Originally Posted by
amoeba
I was asked to find f'(z) where f = (x + iy)/(x^2 + y^2) and state where f is analytic.
Definition of analytic is differentiable on an open set.
I say that f(z) = x/(x^2 + y^2) + iy/(x^2 + y^2), and then in order to show that f is differentiable on open set, I show that the partial derivatives exist and are continuous.
In other words, limits as approach z from positive x direction and positive y direction should be the same. Let z = u(x, y) + iv(x, y)

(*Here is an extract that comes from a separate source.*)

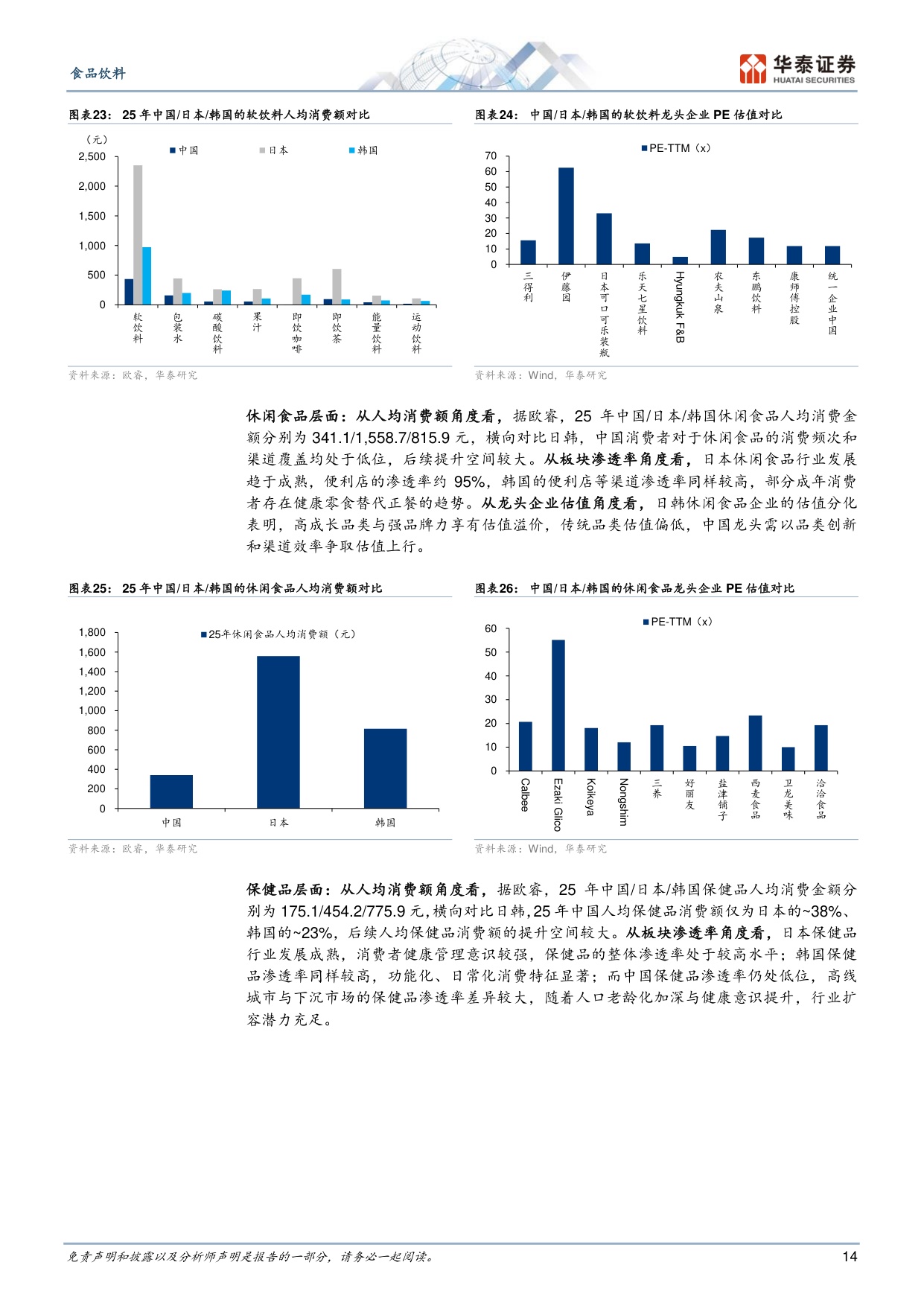 食品饮料行业专题研究：镜鉴日韩，食饮需求演化与创新启示.pdf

Then, by some manipulation of limits and such, you get f'(z) = du/dx + idv/dx from x direction and f'(z) = dv/dy - idu/dy. When I computed these, I got du/dx + idv/dx = (x^2 - y^2)/(x^2 + y^2)^2 + i2xy/(x^2 + y^2)^2
and dv/dy - idu/dy = (y^2 - x^2)/(x^2 + y^2)^2 - i2xy/(x^2+y^2)^2
Thus, my statement is that f is differentiable only when x^2 - y^2 = 0, meaning x = y, x = -y, where x and y are nonzero (if x = y = 0, then there would be 0/0 expression which is not really defined).
However, x^2 - y^2 = 0 at discrete points, so f is not differentiable on any open set containing one of the points that satisfies that equality: thus, I conclude that z is analytic NOWHERE. Is my reasoning correct?